You can’t touch this! – An Internal Roadblock to Website A/B/n Testing
Internal programs/teams that are all competing for the same prime website real estate often create a roadblock for A/B and multivariate testing. Fortunately, there is a solution for this.
Have you found yourself saying one of these?
- “We can’t test changing or removing that piece of content because team Z will be upset.”
- “The primary success metric increased but we can’t push the ‘winning’ experience live because another team/program had 2 secondary metrics that were adversely impacted by that experience.”
- “We can’t A/B/n test the homepage because team X controls this section, team Y controls that section, and team Z controls the rest. There is no way to coordinate this across the three teams.”
Companies are often structured where different programs are managed by different teams and the different teams have different goals/metrics. These various programs/teams are all demanding space on the site. One program/team is focused on its metric of newsletter sign ups, another program/team is focused on its metric of purchased subscriptions and yet another program/team is focused on its metric of generating page views in the sports section. How do we balance these sometimes competing interests? Testing is the process that will help you optimize but there’s more to it.
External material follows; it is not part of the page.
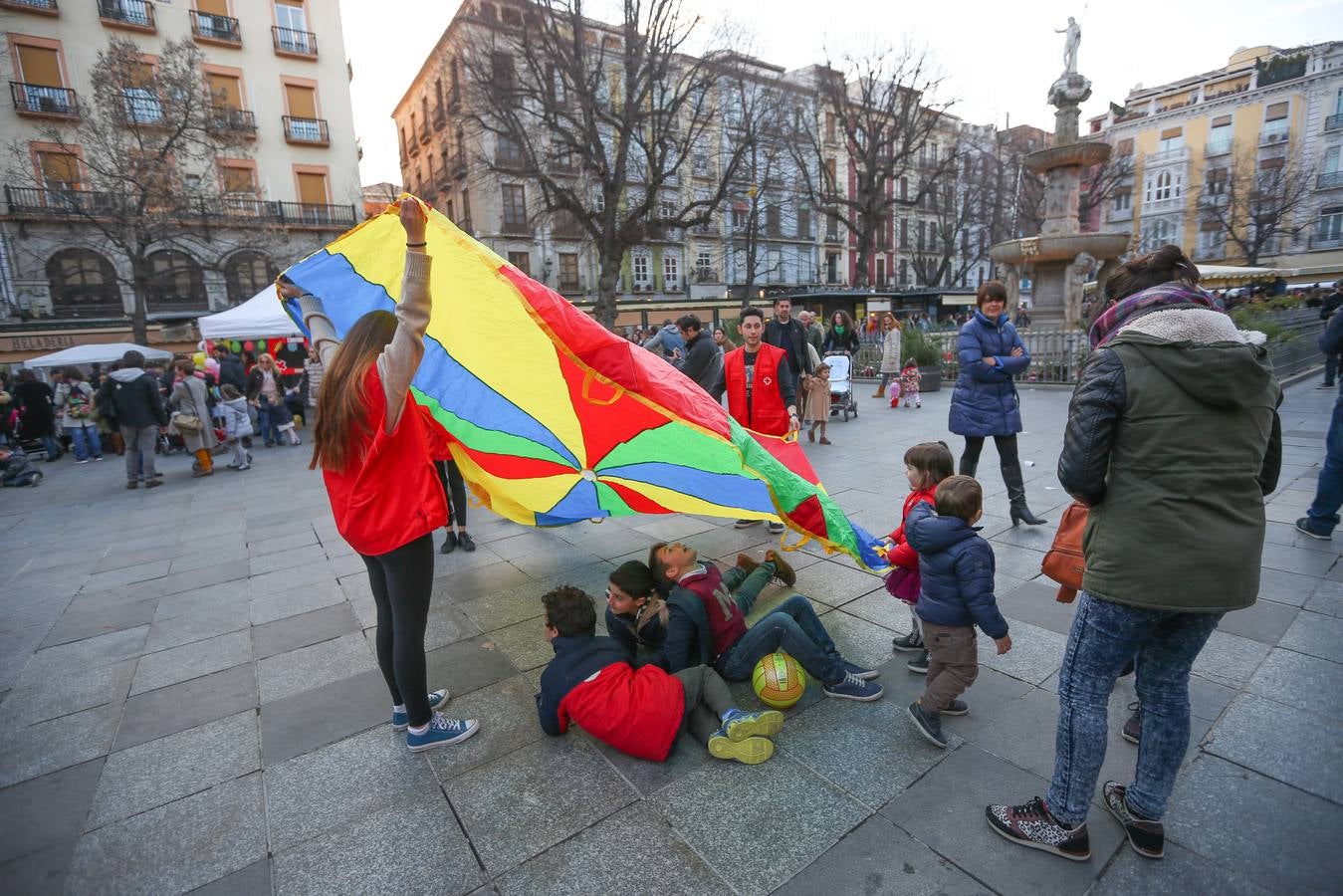 Calles abarrotadas de gente y cultura con Granada Experience y la Noche en Blanco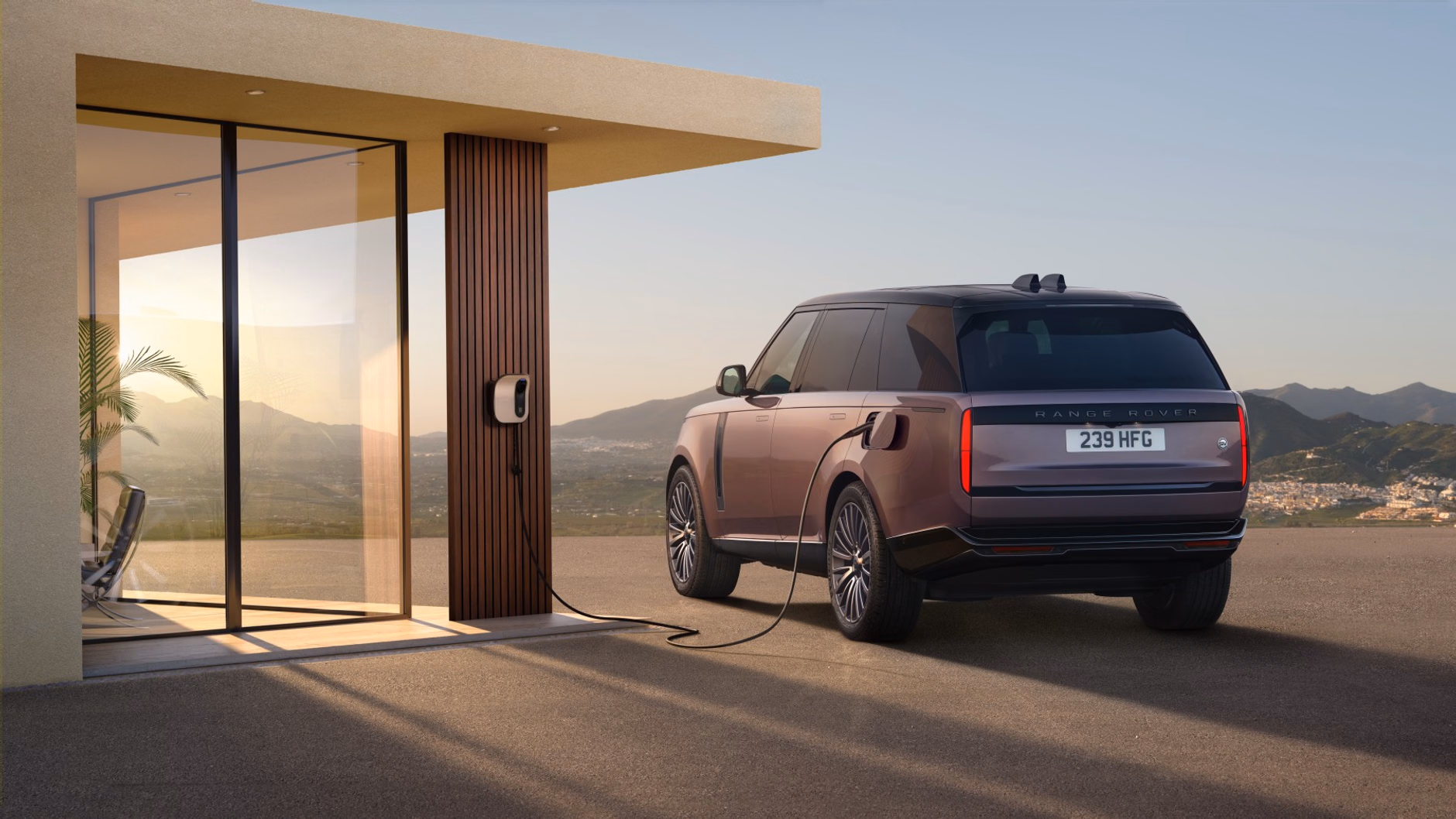 Range Rover Electric (fot. JLR)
Many times, in this scenario of numerous goals/metrics, the opposite happens and testing is reduced. Teams are too focused on their program’s goals and metrics and are unwilling to change their web space – even temporarily – for a test. This internal struggle can push website testing away from high visibility page placements to smaller less viewed pages or sections. This reduction can lower the overall success of the testing program.
Solution To This Specific Scenario
Let’s go one layer deeper to get to the solution. Often annual reviews and bonuses are tied to a team member’s specific metric. If a test increases one team’s metric but reduces another team’s metric, there is an inevitable source of conflict. The solution has two parts. First, agree on a single overall success metric for the business and use that as your primary test metric to push winning versions live. Second, senior management needs to update each person/program’s performance goals if a winning test reduces their specific secondary metric. For example, let’s say generating subscription revenue is the primary metric and winning versions are pushed live based on this metric. If a winning version reduces the number of newsletter sign ups (a secondary metric), that team whose annual performance goals are tied to newsletter sign ups should have their annual objectives adjusted accordingly. When people know their bonus and annual reviews are safe it will reduce the internal resistance to testing and increase their focus on the overall success of the company.
Achieving the solution above is obviously easier said than done. Regardless, by attempting to find a solution that works across teams you are almost guaranteed to arrive at a position that is better than ignoring the issue all together. Once everyone has bought into a single overall success metric and understands they will not be indirectly penalized for working toward it, a testing program can really take shape.